Both sides were quick to use different opinion polls for their own ends and there were enough of them to give comfort to just about anybody wherever they were situated on the spectrum of the debate.
However on balance, opinion polls suggested that most Americans were lukewarm on the health care reform bill.
Much of the opposition might have come from the fact that Republicans had spread a lot of misinformation about it (‘death panels’ being one obvious one) but despite that, opponents of the bill could argue that they had the will of the people at heart.
Supporters of the bill could argue that governing is a lot more complex than just acting on the latest opinion poll.
Both sides had a point, although those who use opinion polls to press their arguments would have to be prepared to do so all the time, even when the weight of public opinion is not on their side.
The peculiar nature of opinion polls was brought home to me by an American political writer who noted that in reality, the fact that there was substantial opposition to the health care bill was merely a very temporary reflection of the situation.
Once health care reform was passed, opinion polls changed to reflect this and the tables were turned. In other words, the percentage of people favorable to the bill increased once the bill was passed. In passing, it gained the kind of legitimacy that it did not have before.
And that’s one of the things I’ve always found so fascinating about opinion polls- how fluid they are, and how complex an endeavor it is to create them.
In a world of randomness, opinion polls give us a glorious example of mankind’s desire to make patterns out of chaos. It is an admirable undertaking, despite the fact that such polls are often turned into political footballs.
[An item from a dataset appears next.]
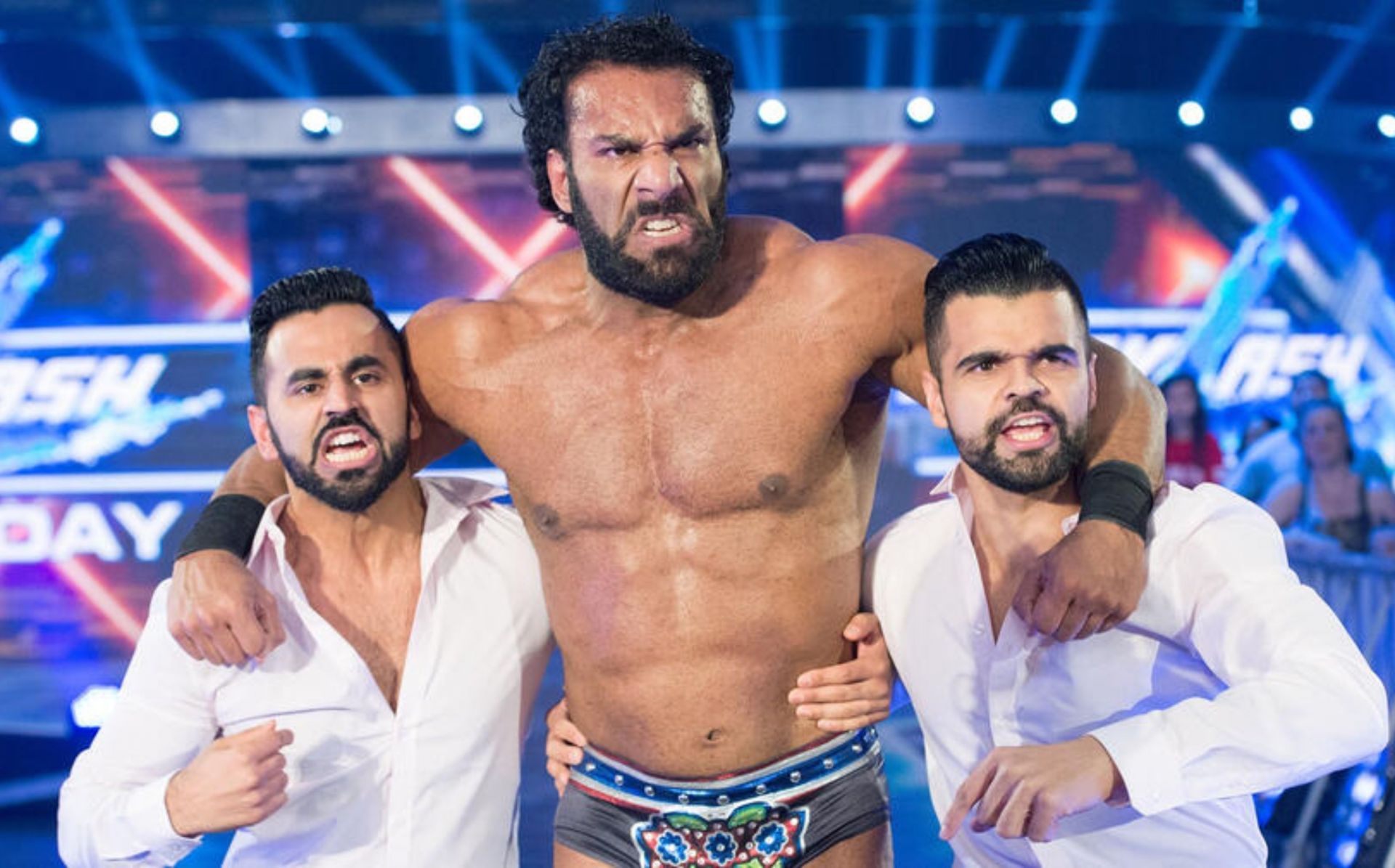 पूर्व WWE स्टार ने दी दिग्गज को बधाई (Photo: WWE.com)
But opinion polls face a few problems as accurate gauges of conveying what people think. For one, they are unlikely to reveal the information gap between decision-makers and the public.
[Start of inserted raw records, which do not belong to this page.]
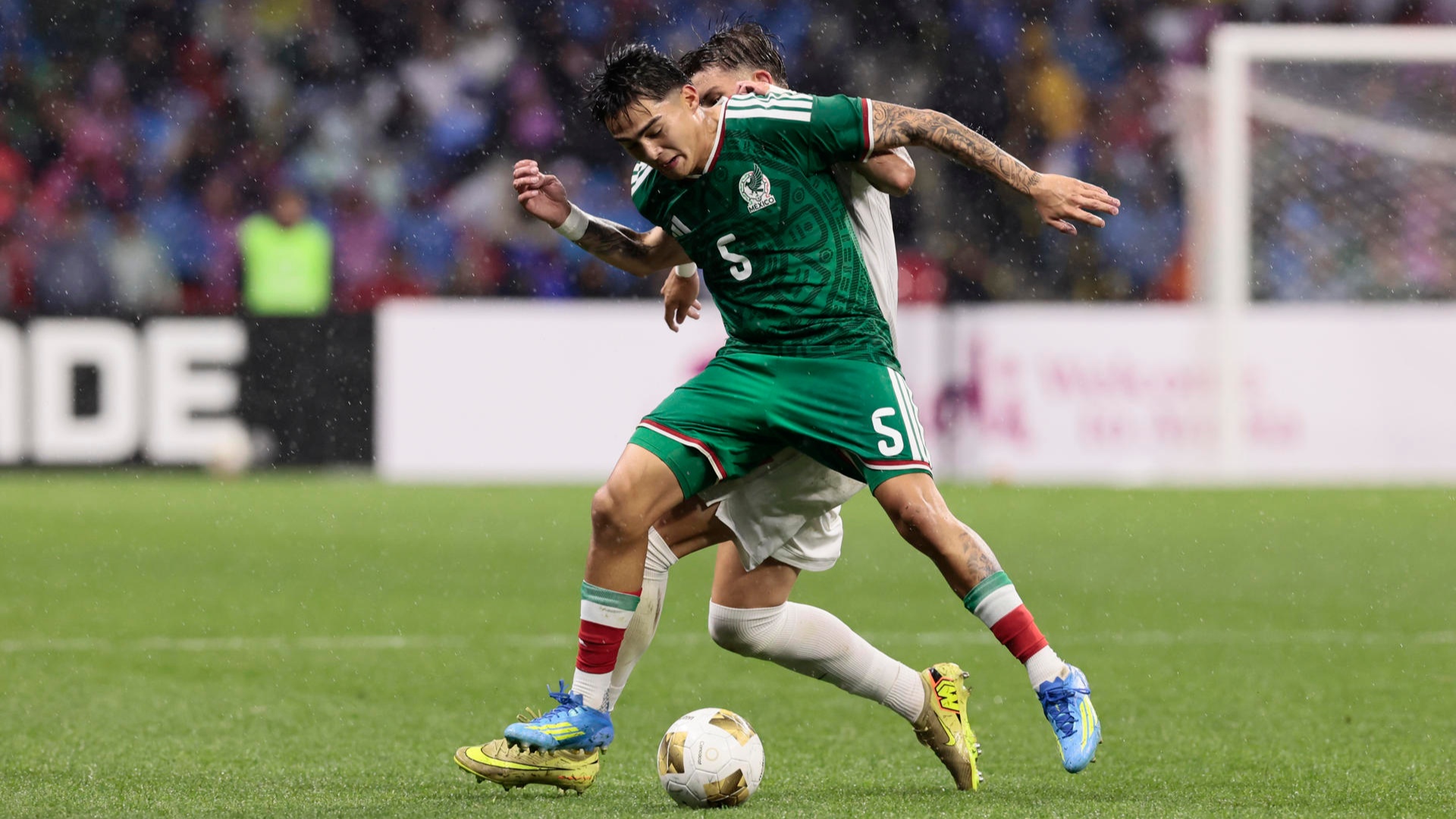 México enfrenta a Canadá bajo la lluvia en el Estadio Banorte, por el boleto a la final del Premundial Sub-20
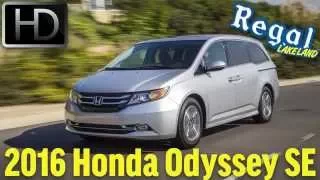 2016 Honda Odyssey SE Review and Test Drive at #RegalLakeland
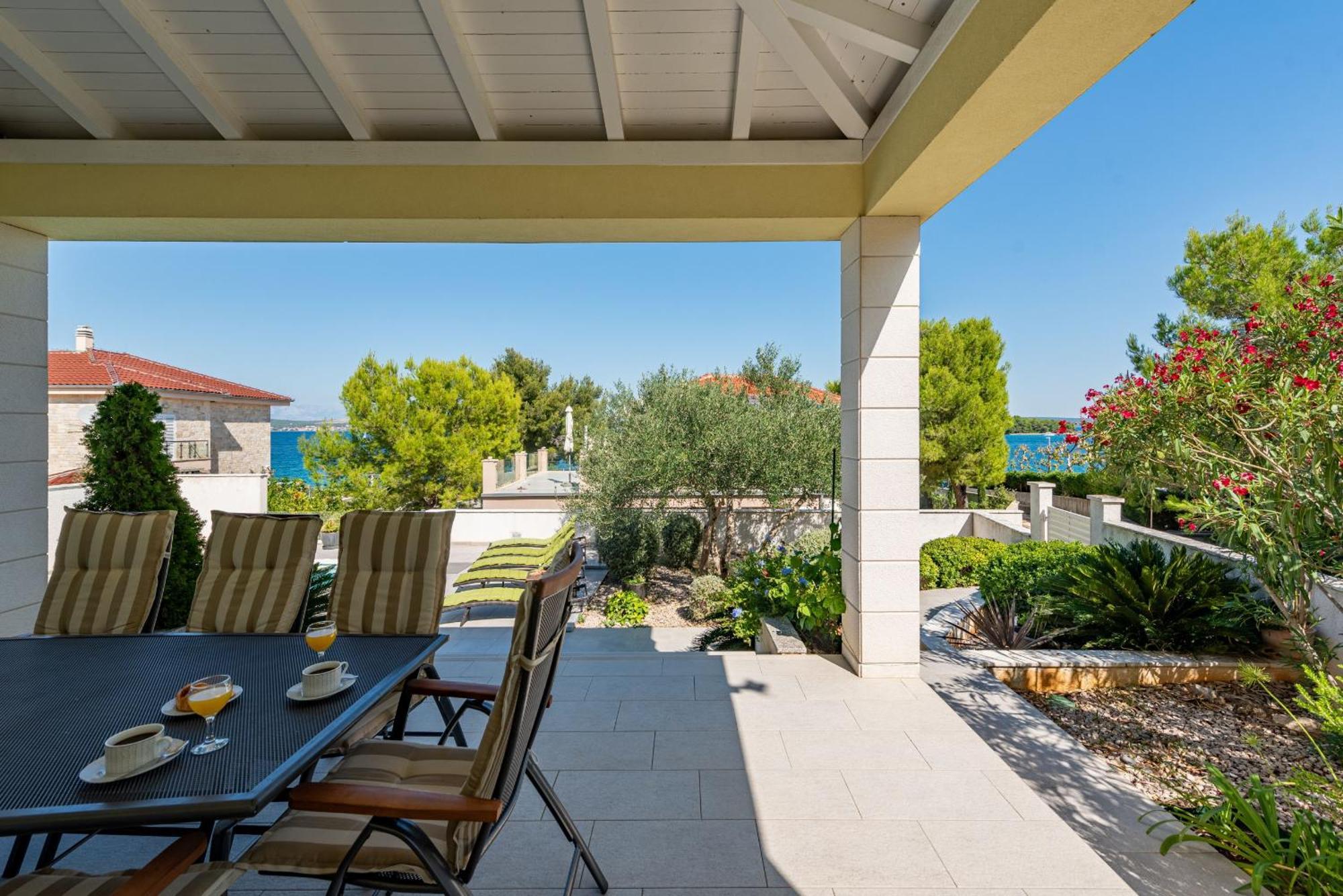 Villa Tatijana Zadarvillas Куклица Экстерьер фото
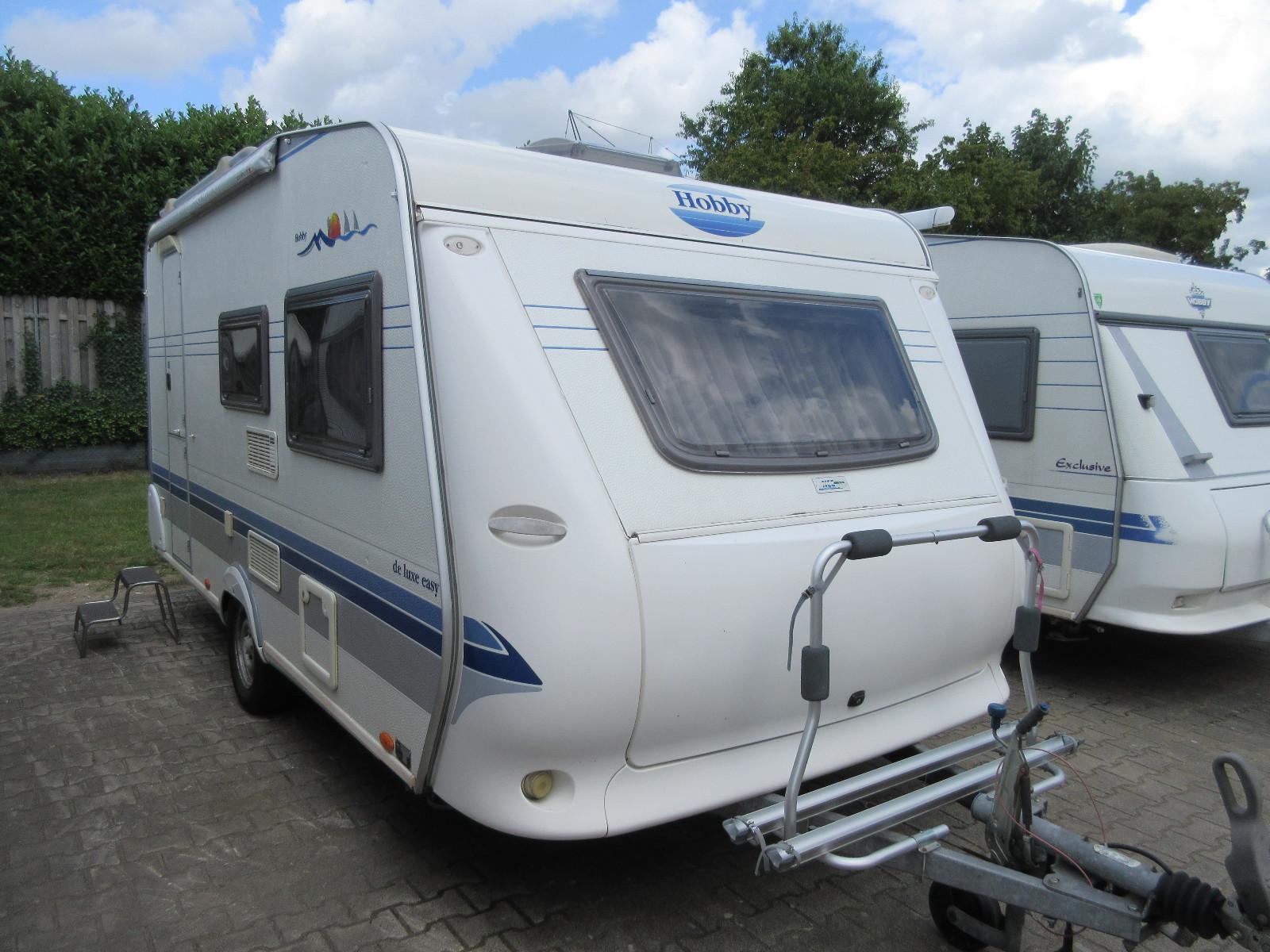 Hobby deLuxeEasy 440 Servicekl Vorzelt Fahrradträger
The random sample of the population doesn’t reveal how much people know, and prejudice is judged as highly as objectivity.
This becomes an obvious problem once politicians try to play ‘follow the polls’ politics. Infact if one was being uncharitable, it could be said that one thing opinion polls truly gauge is how little people know about what is going on.
And this rarely gives politicians an incentive to govern better.
Furthermore, as I noted earlier, opinion polls can be very temporary constructs that can change for the simplest of reasons.
With the health care bill, the numbers shifted dramatically after it passed and it seemed like the United States had been behind it all along. Yet somehow the fact that the bill was passed was deemed a good enough reason for many to change their minds.
If that is the way a certain percentage of the public make their decisions, those in power could see unfriendly opinion polls as a minor inconvenience.
As long as they can handle all the behind-the-scenes political maneuvering to get an unpopular bit of legislation passed, then they will feel that the public will fall in line soon after.
Of course opinion polls can never be a true reflection of what society thinks. They can never reveal any underlying issues that motivate people’s ideas or the psychological quirks that would provide helpful commentary.
Despite those flaws, I think it is a very interesting insight into how governance and public will interact, and it forces us to confront what public opinion really means.